** EXCERPTED DATA **
===============
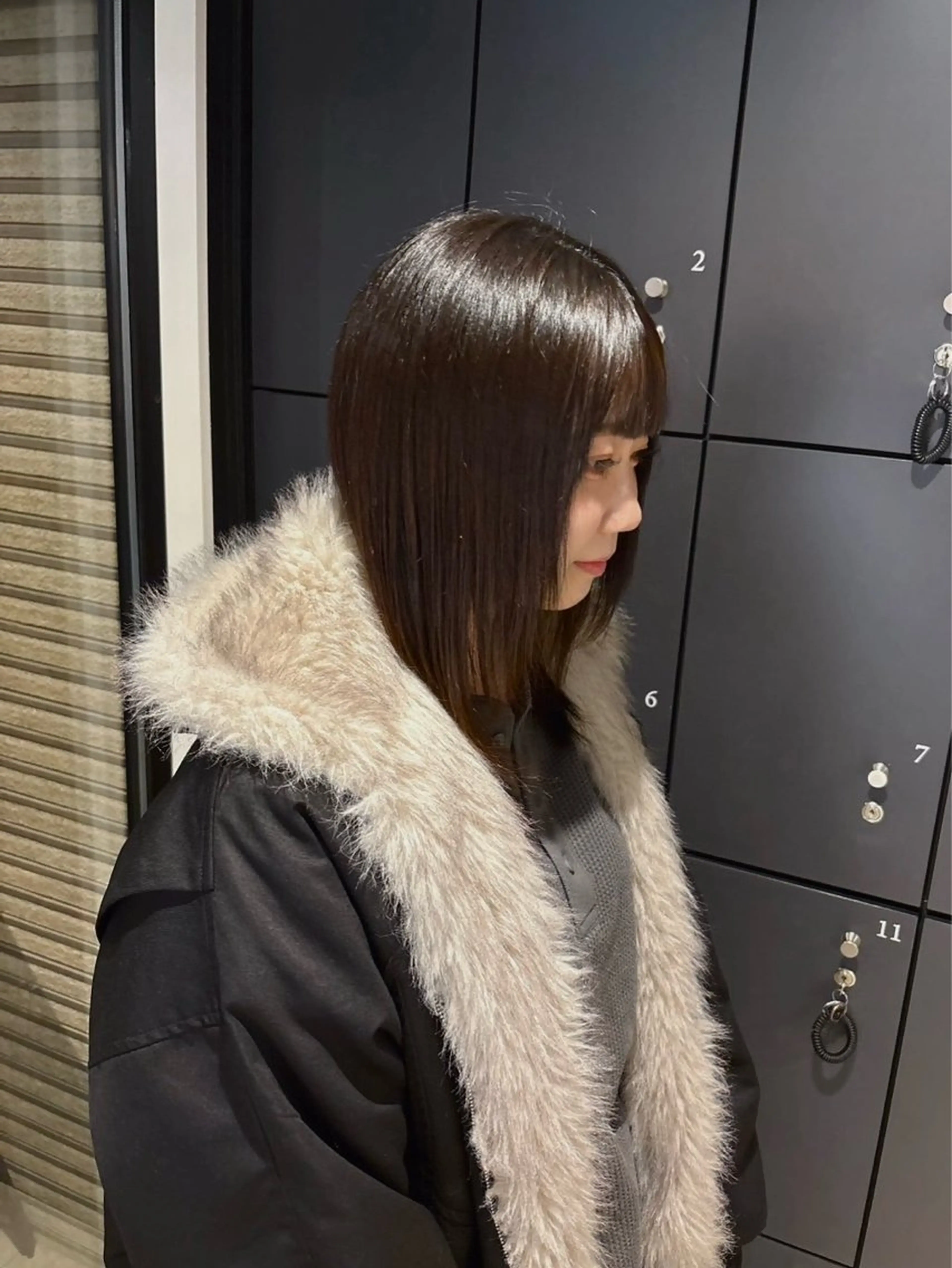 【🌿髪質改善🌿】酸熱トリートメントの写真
===============
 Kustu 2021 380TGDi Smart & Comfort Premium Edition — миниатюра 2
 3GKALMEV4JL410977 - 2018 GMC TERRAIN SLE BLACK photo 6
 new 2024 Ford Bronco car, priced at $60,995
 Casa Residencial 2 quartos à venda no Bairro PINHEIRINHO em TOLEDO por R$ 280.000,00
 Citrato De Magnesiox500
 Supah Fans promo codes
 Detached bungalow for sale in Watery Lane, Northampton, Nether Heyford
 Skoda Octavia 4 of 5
===============
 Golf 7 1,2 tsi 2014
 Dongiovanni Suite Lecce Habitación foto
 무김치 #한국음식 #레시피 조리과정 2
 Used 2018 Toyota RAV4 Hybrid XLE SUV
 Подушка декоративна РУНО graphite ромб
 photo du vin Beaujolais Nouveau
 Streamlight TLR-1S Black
===============
** TASK REQUIREMENTS **
Restate word for word the lines of the data above, starting at the line containing "photo du vin Beaujolais Nouveau" and ending at the line containing "Streamlight TLR-1S Black", both included, and nothing more.

** SOLUTION FOR THIS TASK **
 photo du vin Beaujolais Nouveau
 Streamlight TLR-1S Black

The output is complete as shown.